Lohengrin, Royal Opera, ROH, Covent Garden, June 2018Posted on 8 June 2018
Opening night of this new production under the baton of Andris Nelsons was musical perfection.
Covent Garden even managed to bring in Klaus Florian Vogt, arguably the top Lohengrin in the world, who has sung the role numerous times at Bayreuth. For English audiences unused to hearing him, his heavenly voice carries the full power of the sacred forces that sent him to rescue Elsa from her distress. Her role was beautifully sung by Irish soprano Jennifer Davis, recently a member of the Royal Opera’s Young Artists programme, who took over from Kristine Opolais at relatively short notice. Ms Davis was terrific, as was American soprano Christine Goerke as a baleful and threatening Ortrud, her presence emphasised by a glorious red dress and black veil in the wedding scene.
Luxury casting with Georg Zeppenfeld (a superb Gurnemanz at Bayreuth in recent years) as King Henry, showing admirable uncertainty and effortless vocal distinction. A dramatic presence by German baritone Thomas J Mayer as Ortrud’s foolish husband Telramund, and if his voice lost its centre at times it made up for it in fierce defiance. I loved the freeze by his four followers as they burst into the bedroom (where a Lohengrin painting by August von Heckel adorns the wall above the bed) only to find their master dead on the floor.
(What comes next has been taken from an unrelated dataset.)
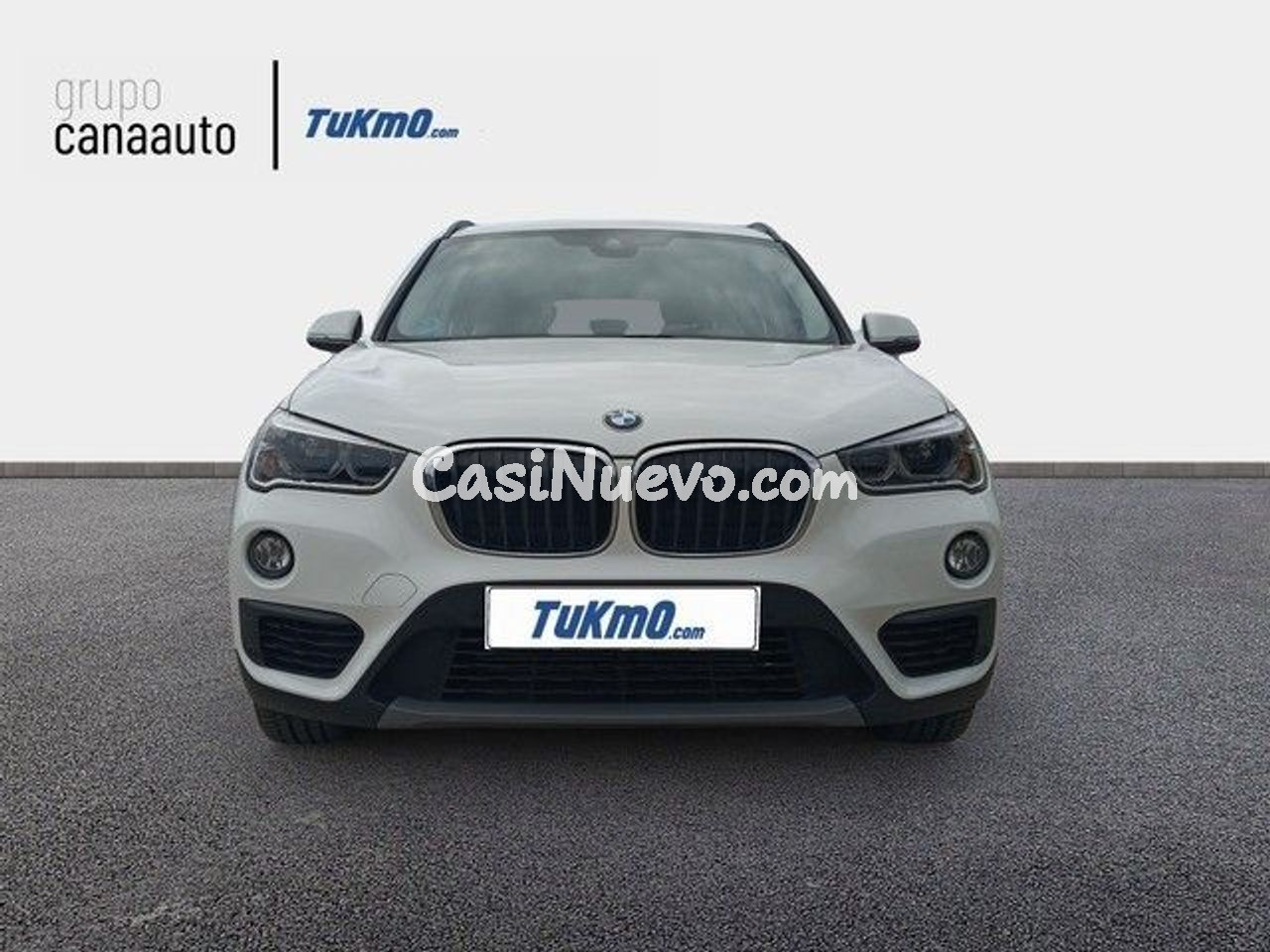 BMW X1 sDrive18d 110 kW (150 CV)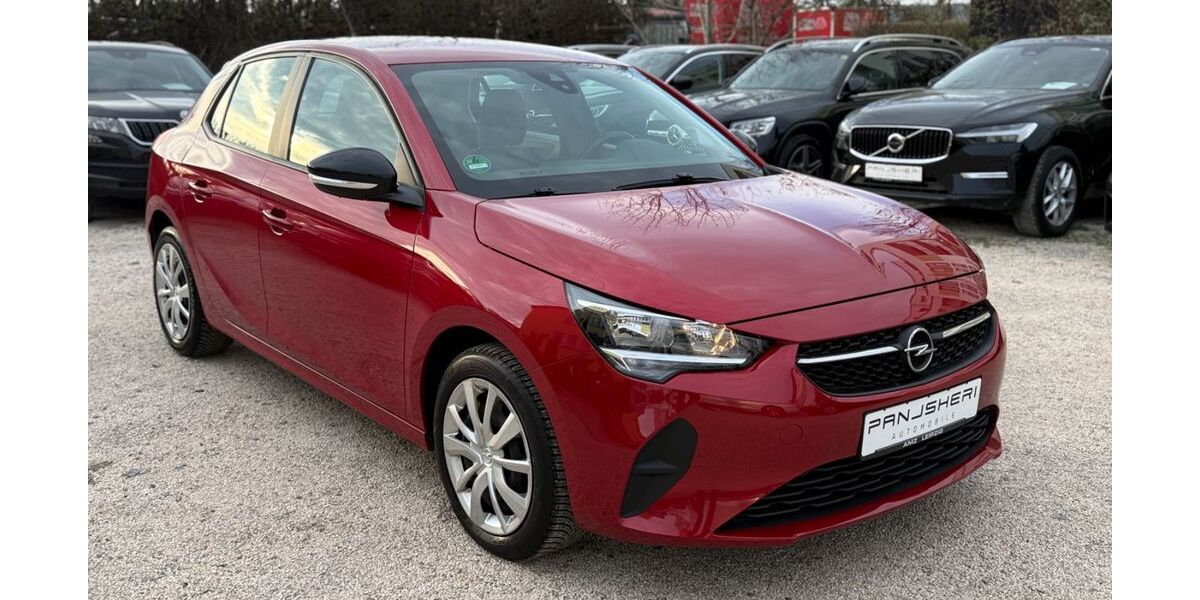 Opel Corsa 82.000 km 10.999 &euro; Stuttgart-Möhringen 70567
This production by David Alden had some strong moments and added Nazi allusions in the final scene where black and red banners emblazoned with the motif of the swan unfurl from on high. After the banners fall to the ground, Elsa’s brother Gottfried, transformed by Ortrud into a swan before the opera starts, crawls out from under one of them, recalling the entry of Elsa herself in Act I where she climbs onto the stage from a trap door.
The oblique angles of Paul Steinberg’s massive sets suggest a kingdom whose foundations are subsiding, with mixed-period costumes centred on the 1940s and 50s and German style helmets for the massed troops in the final scene. With this context in mind, Adam Silverman’s lighting seemed to represent beating helicopter wings for the arrival of the swan in Act I, allusions to the allied forces of World War II perhaps.
Certainly an impending battle between good and evil is represented in the music, and with terrific singing from the chorus and occasional fanfares from within the auditorium, Andris Nelsons conducted a performance of enormous power and subtlety.